Can you imagine working for someone in a high-level management role and suddenly it dawns on you: This person isn't leadership caliber. Your next thought may be, How in the world did he (or she) make it this far up the ladder?

It's a fair question. Managers are promoted to esteemed leadership roles every day who have no business being there.

Sometimes it's political or favoritism; other times it's the easier choice -- promote from within and avoid the high cost of recruitment -- but a bad choice, nonetheless.

Sure, good managers may know how to effectively manage the nuts and bolts of the work (a project, scope, budget, timeline) and drive people to results, but can they actually lead human beings to grow as people, become healthier, wiser, freer, more autonomous (in the words of servant leadership pioneer Robert K. Greenleaf)?

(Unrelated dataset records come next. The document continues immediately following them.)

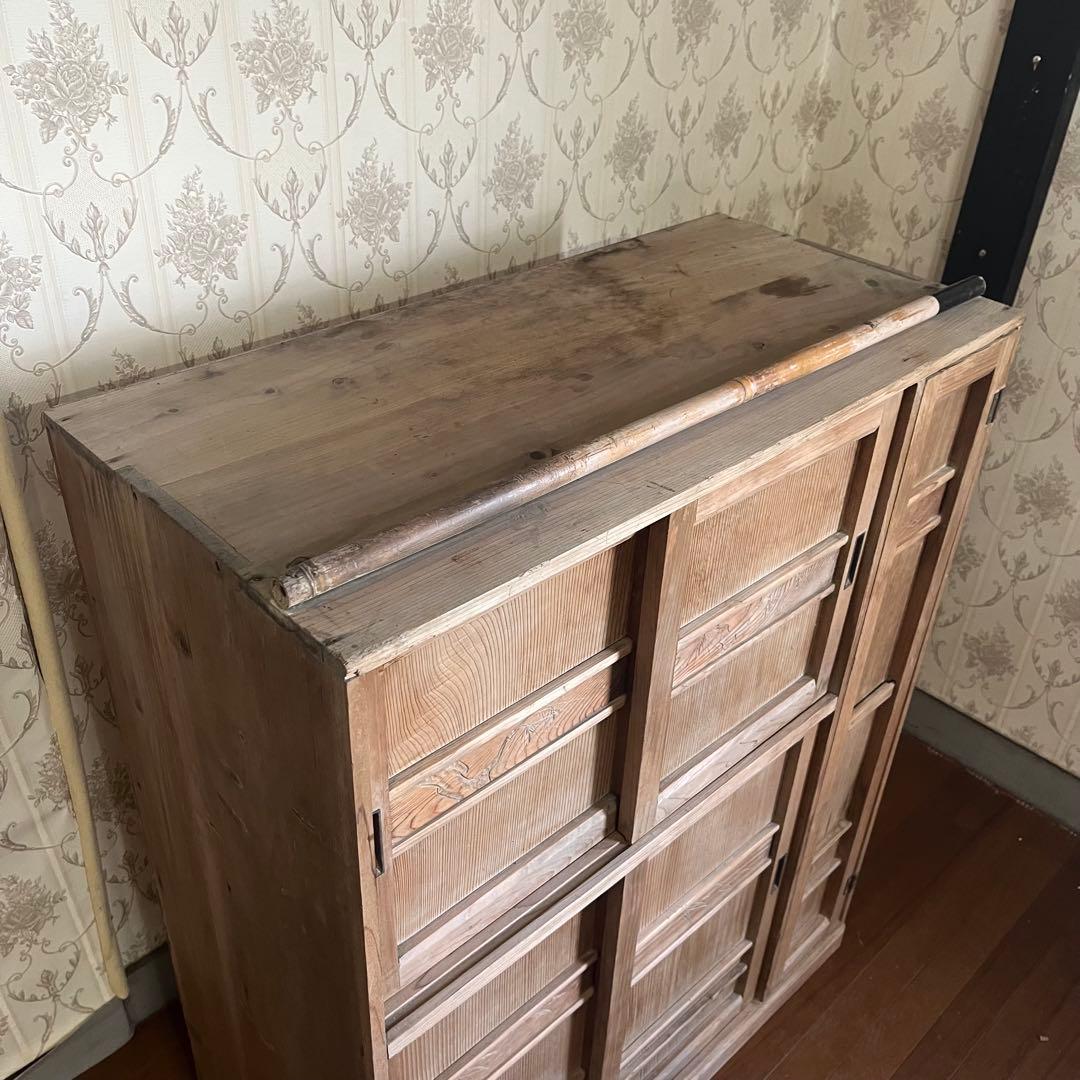 【アンティーク】木製 棚 チェスト 下駄箱 飾り棚 戸棚 古民家 古家具 古道具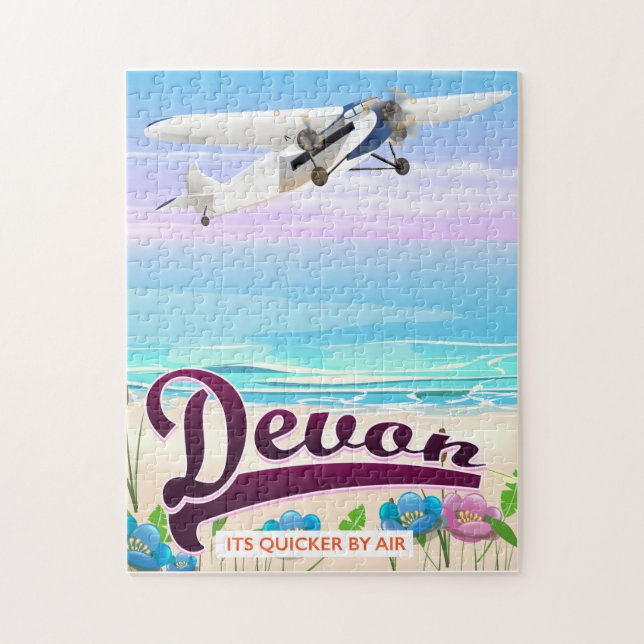 Quebra-cabeça Cartaz de viagem de voo antigo de Devon (Vertical)
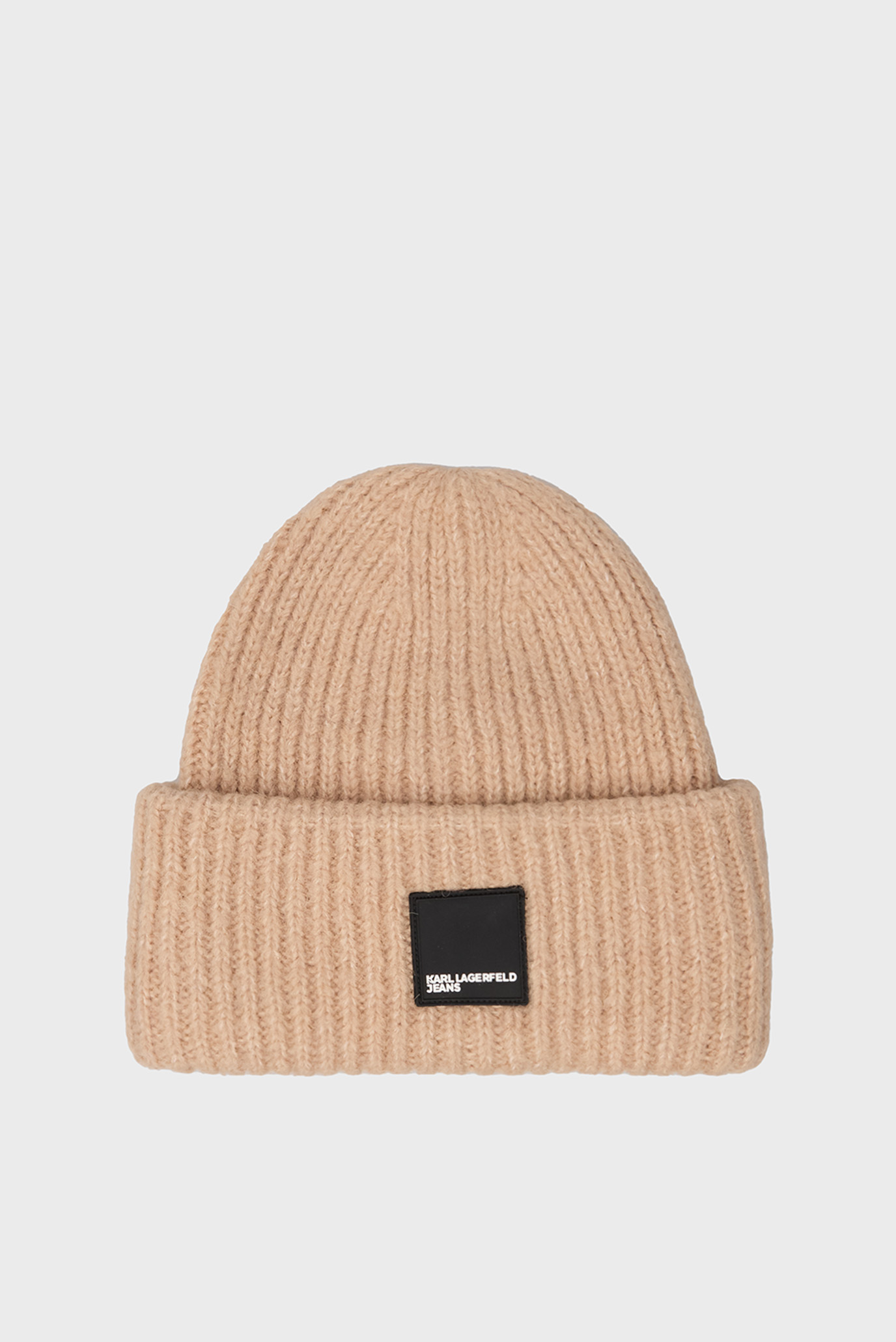 Чоловіча бежева шапка box logo beanie 1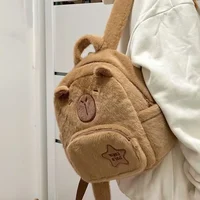 Kawaii Capybara sac à dos en peluche pour femmes polyvalent dessin animé drôle Capibala sac à bandoulière aLrge capacité sac fourre-tout 4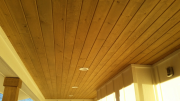 Stained porch soffit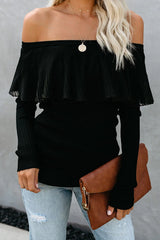 Romance Forever Chiffon Off Shoulder Knit Top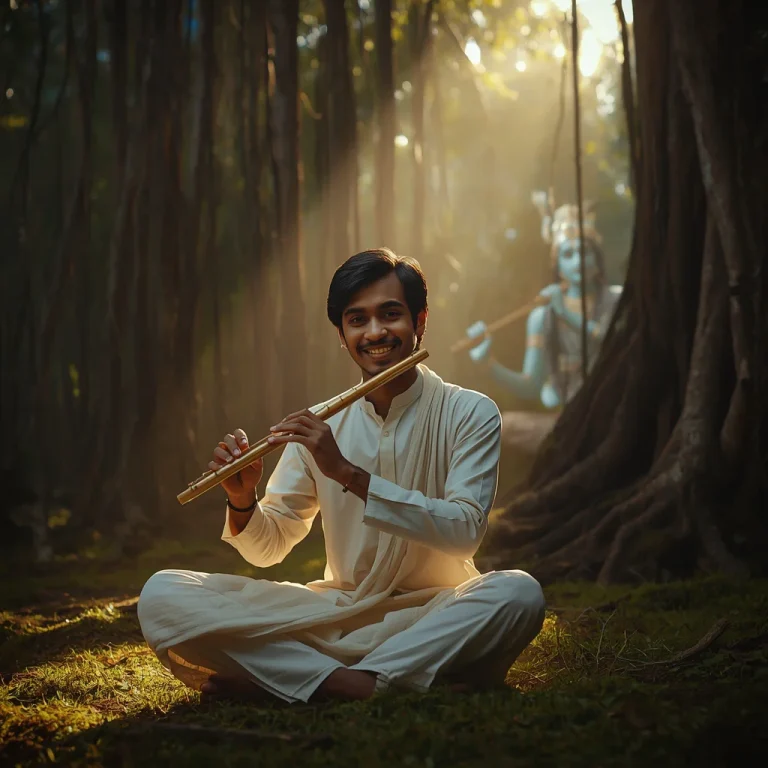 Forest Flute Serenade | dahi handi ai prompt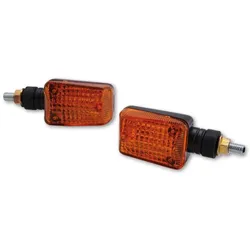 HIGHSIDER smart Mini Glühlampen Blinker Gehäuse Schwarz / Linse Orange (Paar), Vorn & Hinten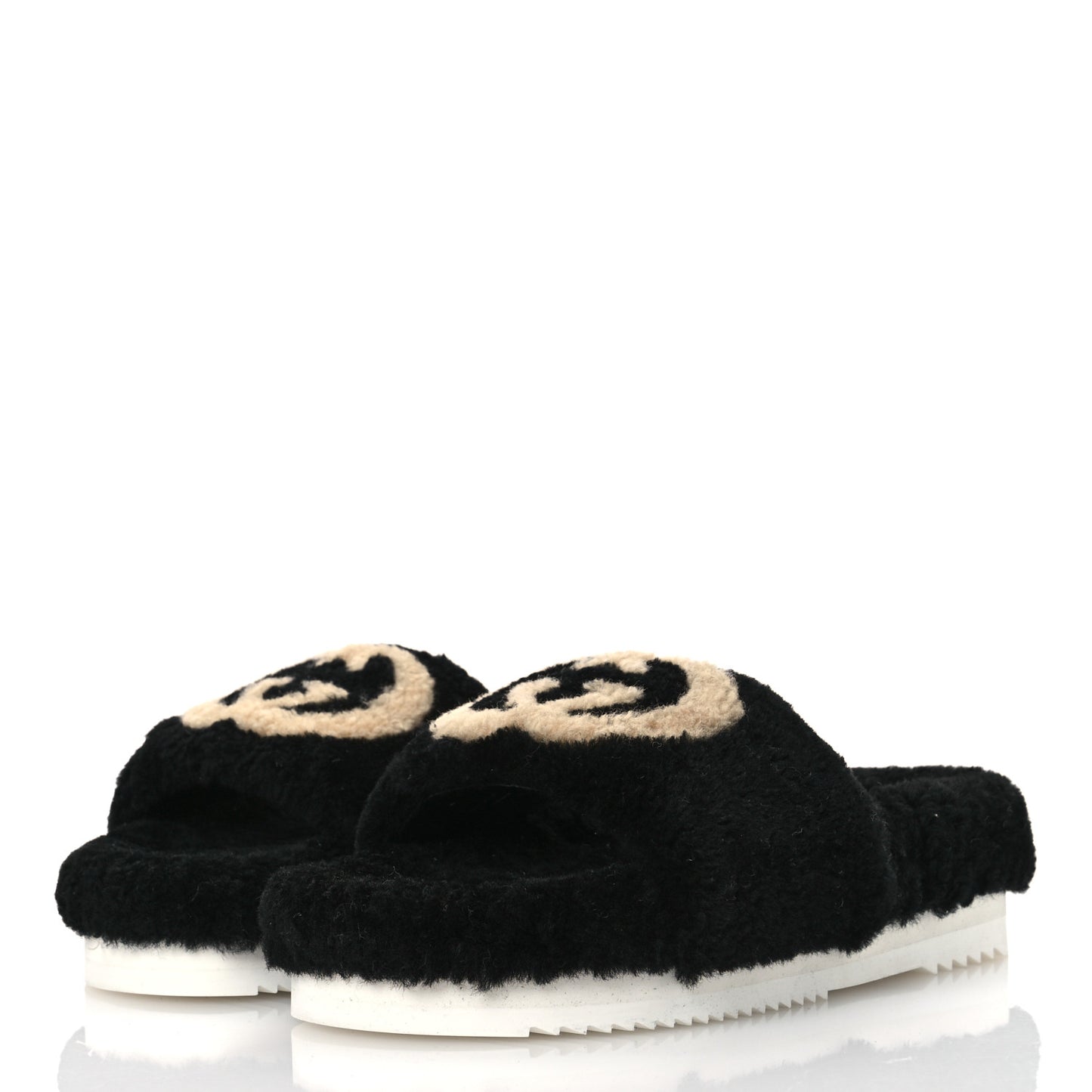Shearling Womens Eileen Slide Sandals 37 Black Butterscotch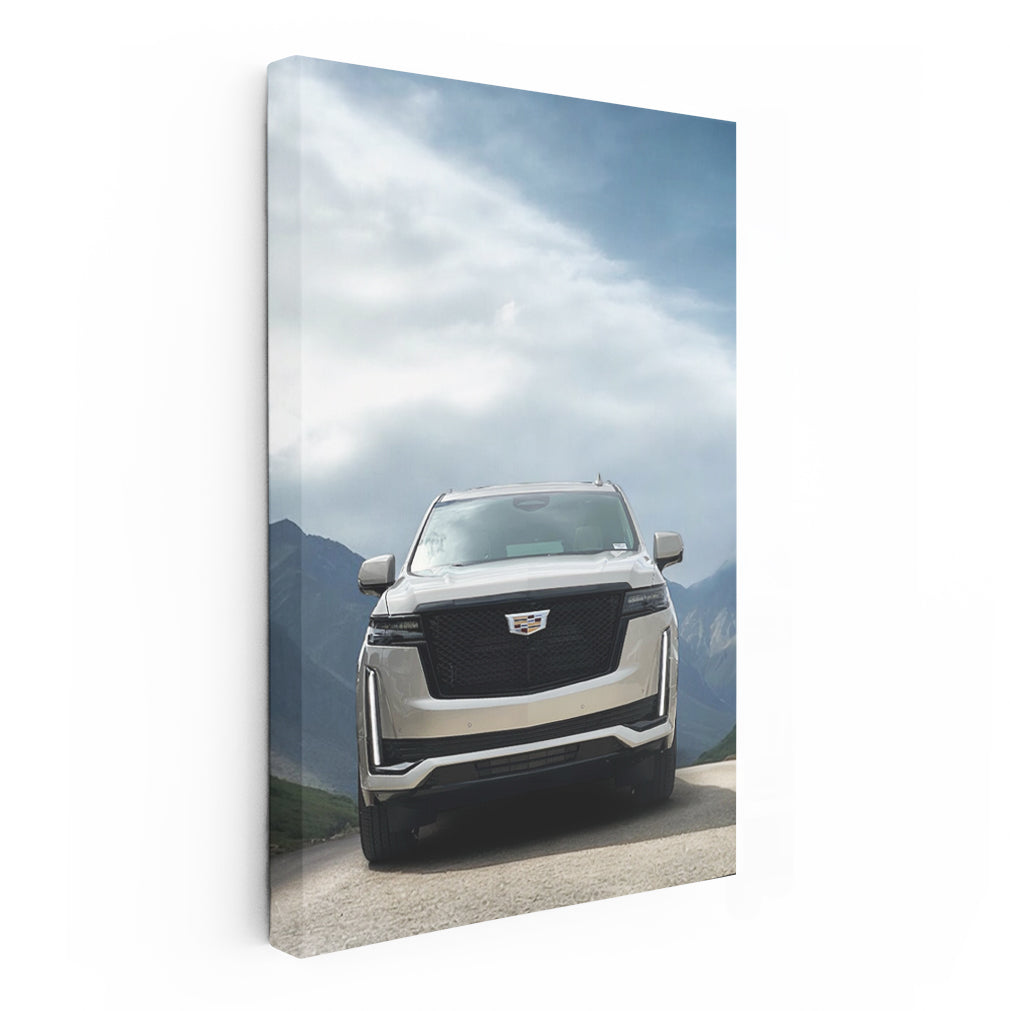 Majestic Cadillac Among Mountain Peaks - Power and Elegance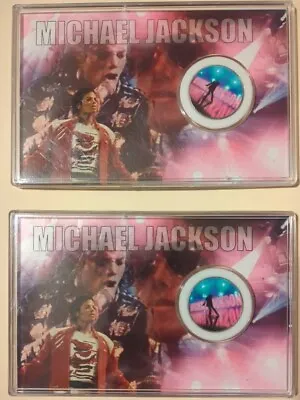 2x LOT- Michael Jackson Half Dollar Colorized Coin In Casing Rare VG Free Shp • $99.95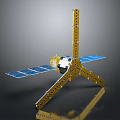 Detailed Spacecraft Model With Golden Frame Structure And Blue Solar Panels 3d model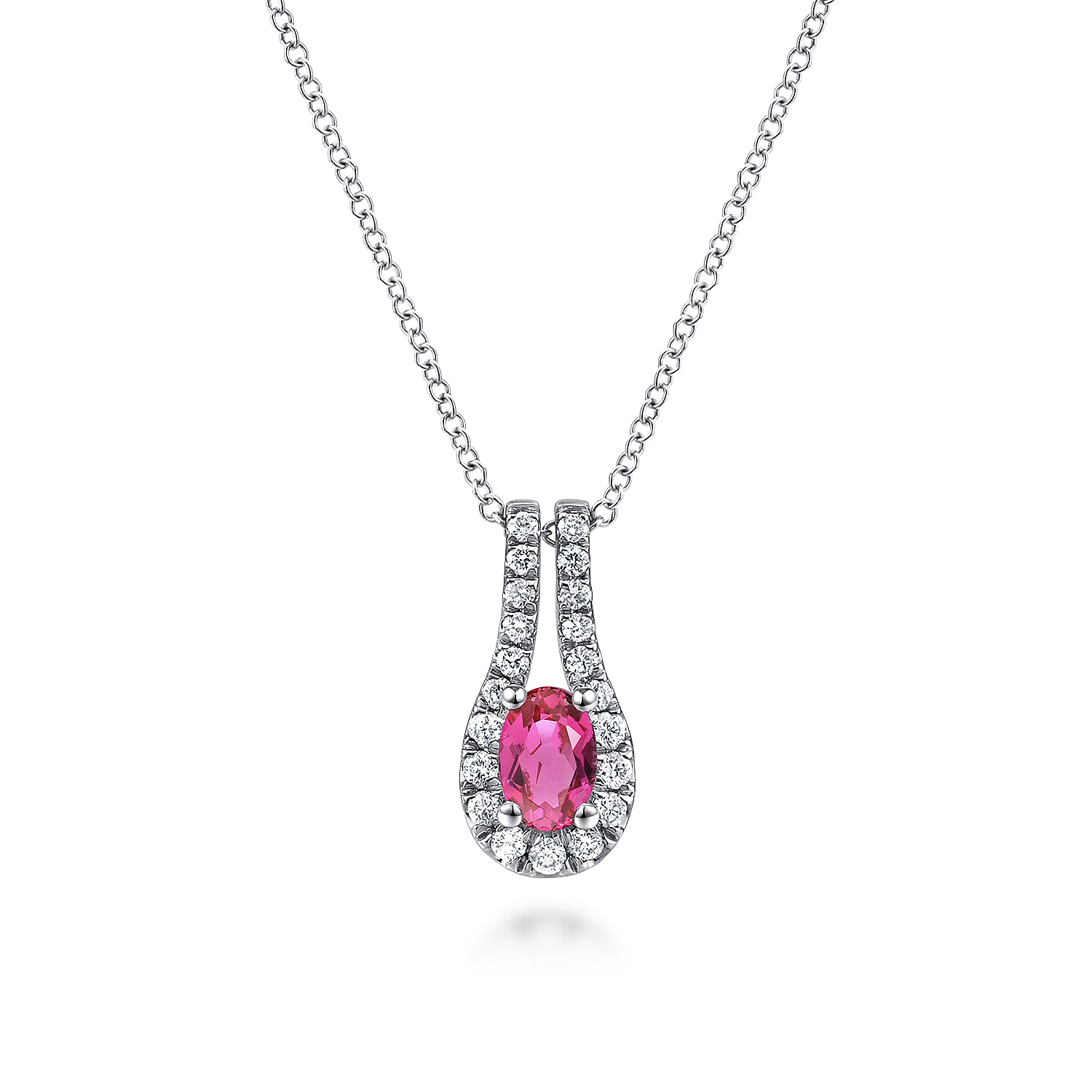 18 inch 14K White Gold Oval Ruby and Diamond Frame Pendant Necklace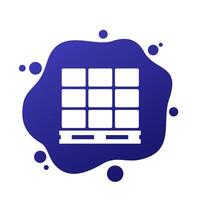 pallet and boxes icon for web vector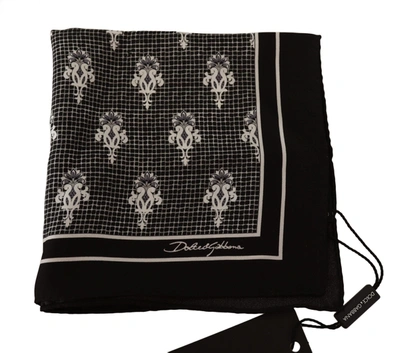Shop Dolce & Gabbana Black Patterned Square Men Handkerchief Men's Scarf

The biggest challenge managers face is performing to the set standards of the best traits of a leader. This means raising the bar really high.

In the end, what distinguishes successful leaders from managers is predicated on two things: results and relationships. You can't have results at the expense of people. And serving your tribe well without getting results is merely putting lipstick on a pig.

3 clear ways to raise your leadership bar high

When you walk the talk of good leadership, your people will release discretionary effort. They can't help it--they want to work for you. This means creating a positive, autonomous (not fear-centered) environment that will elevate the employee experience to new heights. These are typically opportunities for growth and development for managers.

1. Leaders facilitate a shared purpose 

Good leaders communicate an image of the future that draws in the employee -- that speaks to what they're seeing and feeling. They give their team a destination that helps the team know where they're headed at all times.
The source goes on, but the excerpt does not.